(Beginning of Available records)

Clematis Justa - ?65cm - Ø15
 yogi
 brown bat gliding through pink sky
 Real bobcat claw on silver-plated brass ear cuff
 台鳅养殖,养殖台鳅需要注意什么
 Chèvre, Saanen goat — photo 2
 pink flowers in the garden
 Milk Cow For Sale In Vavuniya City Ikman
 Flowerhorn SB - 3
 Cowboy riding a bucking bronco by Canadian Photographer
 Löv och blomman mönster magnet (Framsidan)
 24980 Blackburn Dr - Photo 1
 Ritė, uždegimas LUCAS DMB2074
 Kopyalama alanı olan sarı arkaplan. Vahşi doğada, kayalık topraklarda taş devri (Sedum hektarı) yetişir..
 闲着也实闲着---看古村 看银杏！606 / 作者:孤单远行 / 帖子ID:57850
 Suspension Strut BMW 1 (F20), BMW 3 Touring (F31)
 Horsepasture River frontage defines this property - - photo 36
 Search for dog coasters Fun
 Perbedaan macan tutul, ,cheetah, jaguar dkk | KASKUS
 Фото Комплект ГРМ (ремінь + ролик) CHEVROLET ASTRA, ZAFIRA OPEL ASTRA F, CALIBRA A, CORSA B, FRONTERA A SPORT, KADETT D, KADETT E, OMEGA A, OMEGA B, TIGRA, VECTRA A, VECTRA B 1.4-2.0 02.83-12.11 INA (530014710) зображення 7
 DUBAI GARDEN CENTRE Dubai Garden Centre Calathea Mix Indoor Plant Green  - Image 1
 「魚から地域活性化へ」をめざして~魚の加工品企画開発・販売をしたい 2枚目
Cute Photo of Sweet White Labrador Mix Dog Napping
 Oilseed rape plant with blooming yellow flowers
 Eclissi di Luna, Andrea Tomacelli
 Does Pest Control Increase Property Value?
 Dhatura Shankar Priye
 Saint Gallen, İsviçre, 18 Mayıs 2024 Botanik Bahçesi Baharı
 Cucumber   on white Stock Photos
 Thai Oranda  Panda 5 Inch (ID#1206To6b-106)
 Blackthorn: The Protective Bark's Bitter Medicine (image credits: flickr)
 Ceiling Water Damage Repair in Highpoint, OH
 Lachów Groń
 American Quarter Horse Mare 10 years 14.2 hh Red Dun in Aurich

(End of Available records)

Work item
All lines above from the line with "Real bobcat claw" through the line with "Perbedaan macan tutul, ,cheetah, jaguar", both included, are to be set down exactly, with nothing else.

Result of this task
 Real bobcat claw on silver-plated brass ear cuff
 台鳅养殖,养殖台鳅需要注意什么
 Chèvre, Saanen goat — photo 2
 pink flowers in the garden
 Milk Cow For Sale In Vavuniya City Ikman
 Flowerhorn SB - 3
 Cowboy riding a bucking bronco by Canadian Photographer
 Löv och blomman mönster magnet (Framsidan)
 24980 Blackburn Dr - Photo 1
 Ritė, uždegimas LUCAS DMB2074
 Kopyalama alanı olan sarı arkaplan. Vahşi doğada, kayalık topraklarda taş devri (Sedum hektarı) yetişir..
 闲着也实闲着---看古村 看银杏！606 / 作者:孤单远行 / 帖子ID:57850
 Suspension Strut BMW 1 (F20), BMW 3 Touring (F31)
 Horsepasture River frontage defines this property - - photo 36
 Search for dog coasters Fun
 Perbedaan macan tutul, ,cheetah, jaguar dkk | KASKUS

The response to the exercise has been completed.